Too many connections errors after switch to PHP-CGI

bohman

Hi! After the migration to PHP-CGI a couple of months ago I've started seeing a lot of errors - especially "Too many connections". Is there anything that can be done to mitigate this? I've attempted to cache the application as much as I can, and a particularly overloaded part was rewritten to be static, but these errors remain. I did not experience them on PHP-FPM.

For reference, this is a Laravel application with roughly 1000-2000 page views per day. I'm seeing traffic drop and several warnings cropping up in search console as well. Is it time for me to consider moving to a VPS instead of a shared instance? PHP-FPM on Nginx might be an option, but since I'm reliant on .htaccess I would need to figure out how to replace that logic first.

Any input greatly appreciated.

Cheers,
Linus

sean

bohman it's very possible that PHP-CGI is contributing to this. Nginx+FPM usually does help, but your concern about htaccess is a valid one. If you can make it work without htaccess then I really recommend FPM.

It's also possible that's not actually your own site causing the problem. If you would like us to look into it then please email support to let us know which site and the date/time/tz that you saw the errors.

kierenp

FWIW I'm also seeing this on a Django site. My monitoring is picking up occasional outages due to too many MySQL connections. My site is very low traffic and (looking at the log traffic) it doesn't seem to be my site that's causing the issue. I'll drop support an email with further details. @bohman It's perhaps worth checking the same before you do any re-engineering.

bohman

Yeah, I'll drop an e-mail to support too. Thanks!

etienneh

Please do update this thread if you find any details, seeing the same issue with a django app.

josearr

Same error here quite often with a Django app since I migrated from Webfaction (not Php issue as the OP).

sean

josearr The database service is shared by all customers regardless of the type of application they're running.
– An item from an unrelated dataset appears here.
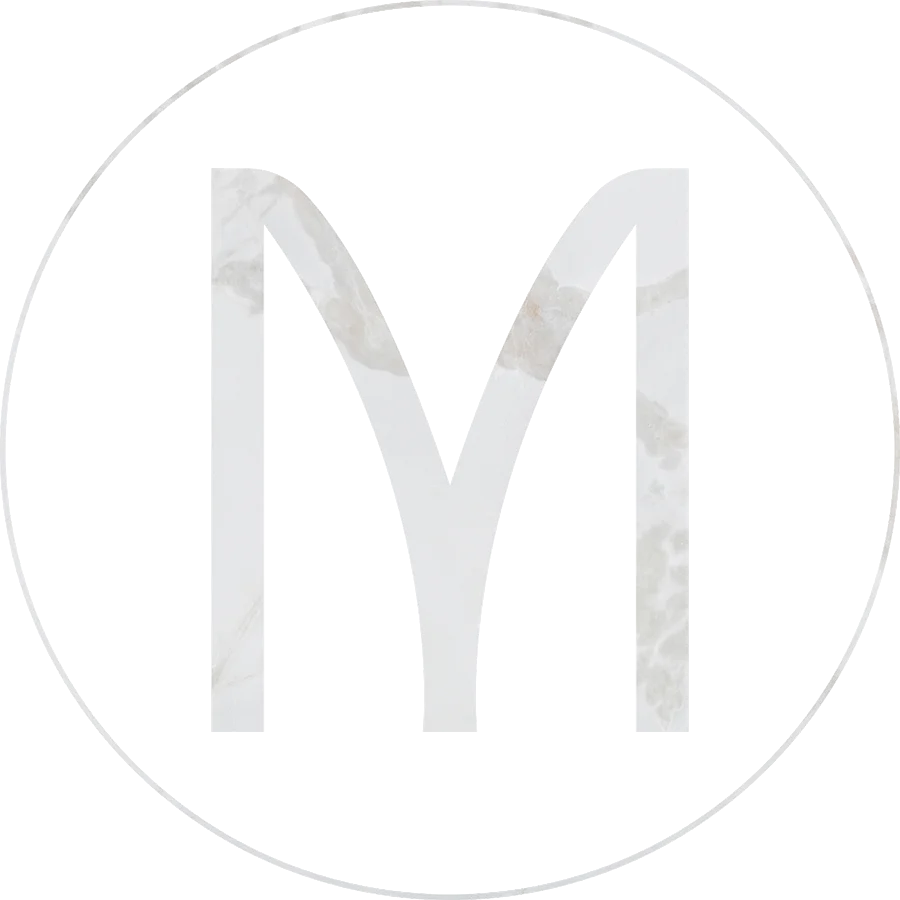 motykie-symbol-v2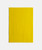 009|Yellow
What we think might be happening is:

A botnet or some other bad actor starts hitting common target URLs (like Wordpress xmlrpc.php etc) on a shared server.
Many PHP-CGI processes are spawned, along with their individual database connections
System load rises so processes run slower, which means individual DB connections are open longer, exacerbating the problem
Eventually the system-wide DB connection limit is hit and the problem then affects other apps.

We're working to resolve this as soon as possible. In the interim some possible ways to mitigate the effects of this are:

Minimize your database hits by using whatever caching capabilities your application provides.
Use a private database instance (MariaDB or PostgreSQL) so that you're not subject to a shared systemwide connection limit.

igor

Maybe it would help if wait_timeout on DB server is lowered from 28800 seconds (8 hours) to something more reasonable? As I understand it this way some app can keep open connection for 8 hours without even using it.

sean

igor hmm, will pass that along to the sysadmin.

etienneh

If this is a system-wide issue, maybe some temporary fixes can be:

provide a quick installer for a private instance
provide a migration script from/to a private instance?

Just suggesting because it's a frustrating experience to have your application limited like this, but because any effort here is likely temporary and of course running a custom db counts against application/memory limits.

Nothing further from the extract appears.